Quizá lo que lo ha confundido, señor Miguel, ha sido la preposición,_ 'a él_' es un complemento directo, no indirecto.

(_Yo_)_ Lo conozco a él._ (= _'él es conocido por mí'; 'yo' _es el sujeto, _'él_' es el objeto directo)


----------



## Miguel8238

Magnalp said:


> Quizá lo que lo ha confundido, señor Miguel, ha sido la preposición,_ 'a él_' es un complemento directo, no indirecto.
> 
> (_Yo_)_ Lo conozco a él._ (= _'él es conocido por mí'; 'yo' _es el sujeto, _'él_' es el objeto directo)


 
Gracias, pues quizas soy leista. y su oracion tambien me suena extrana por mi leismo tal vez. 

si fuera yo, diria : Quizá lo que le ha confundido, señor Miguel, ha sido la preposición.

Estoy equivocado otra vez tal vez? Cuando la gente sea el  objeto, suelo utilizar ¨le¨ en vez de ¨lo¨ para no confundirme

pues la frase :Quizá lo que lo ha confundido ha sido la preposicion. (en esta oracion hay dos pronombres ¨lo¨, aunque ya sé lo qué representan pero al primer momento todavía me costó tiempo para analizarlos)

Gracias

Sdos


----------



## k-in-sc

scholar visari said:


> Okay, this starting to become confusing everyone is saying different things.

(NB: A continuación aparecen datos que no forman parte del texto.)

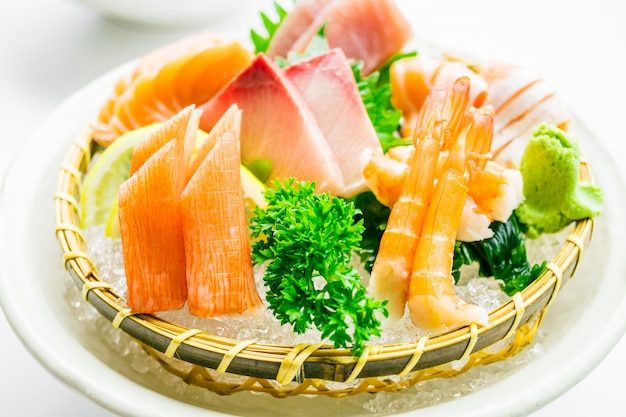 Foto grátis conjunto misto de sashimi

Say "Conozco a (name)" and "Lo/la conozco a (pronoun)."


----------



## Magnalp

Es aceptado, es uno de los llamados verbos de «afección psíquica» (→ leísmo, 4a).


----------



## Magnalp

[STANDARD SPANISH]

1-I met him in Paris.
[him - pronoun (Sp: (_a_)_ él_)]

 It can be translated... 
1'-_Lo conocí en París. _[Without the pronoun _'a él'_, this is unnecessary since we already have _'lo'_ (pronoun + verb)].
1''-_Lo conocí a él en París._ [With the pronoun duplicated, it is less common (pron. + verb + pron.)].
1'''-_A él lo conocí en París._ [Here you can't remove the pronoun 'lo', because of the order (pron. + pron. + verb)].

2-I met Josh in Paris.
[Josh - name (Sp: (_a_)_ Josh_)]

You translate it as... 
1'-Conocí a Josh en París. [The usual along all the Spanish sphere: there is no duplication of the pronoun (verb + name)]
1''-A Josh lo conocí en París. [The order, as it did in 1''', makes the duplication obligatory (name + pron. + verb)]


----------



## scholar visari

I understand now, it was just that different people were saying different things.





Gracias a todos.


----------



## Moritzchen

Spanish is spoken differently in different Spanish-speaking regions. It still has the same roots and we all understand each other.


----------